Reid was born on a farm in Barre, Massachusetts in 1842. He moved to Boston in 1855 and went to sea as a sailor.

Reid was married and had two sons, James H. Reid Jr. and Cyril Ward Reid, both pilots.

==Career==
In 1859, he became an apprentice boatkeeper for the pilot-boat Phantom, No. 11 receiving a wage of $8.00 a month. In 1862, when he was only 20, he became boatkeeper on the schooner Syren in the Boston Harbor to learn the pilot business.

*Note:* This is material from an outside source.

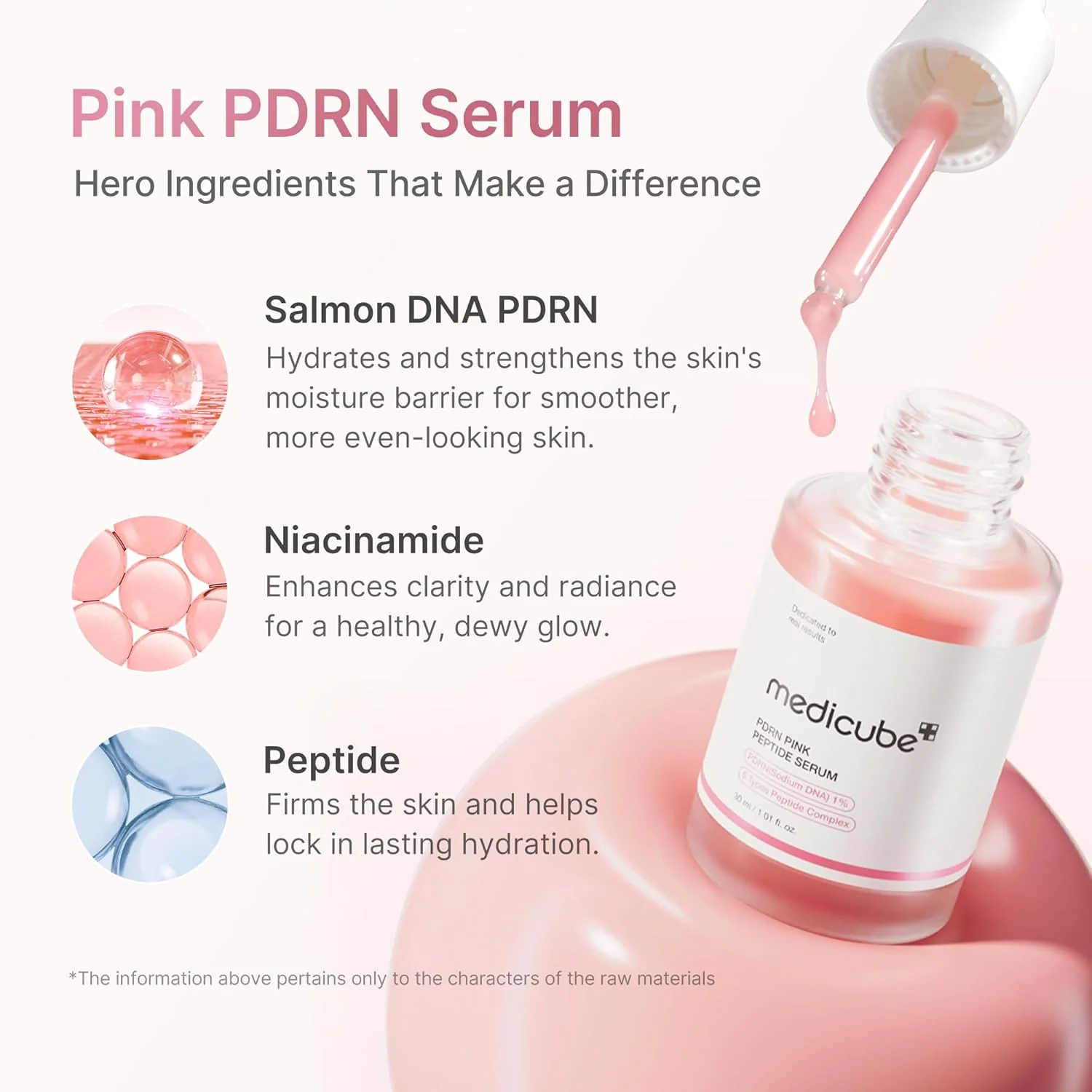 medicube PDRN Pink Peptide Serum - Image 5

During the American Civil War, Reid was on the schooner Coquette, when he sighted smoke from vessels being burned by the Confederate cruiser Florida. To avoid being captured, he head in the opposite direction until he got to Marblehead, Massachusetts. In 1862, Reid was an employee of an independent news association competing with the Associated Press. His assignment was to board incoming boats and gather the news and bring it back to the newspaper. In March, 1864 Reid went out to meet the Bat, a Union blockade runner, which had been captured off Charleston, South Carolina, and brought back to Boston. A naval officer asked him, for twenty-five dollars, to bring back a Confederate spy, Belle Boyd, a celebrity among woman in the South, who was attempting to travel to England. Reid escaped prosecution by saying that he thought the lady was an officer's wife.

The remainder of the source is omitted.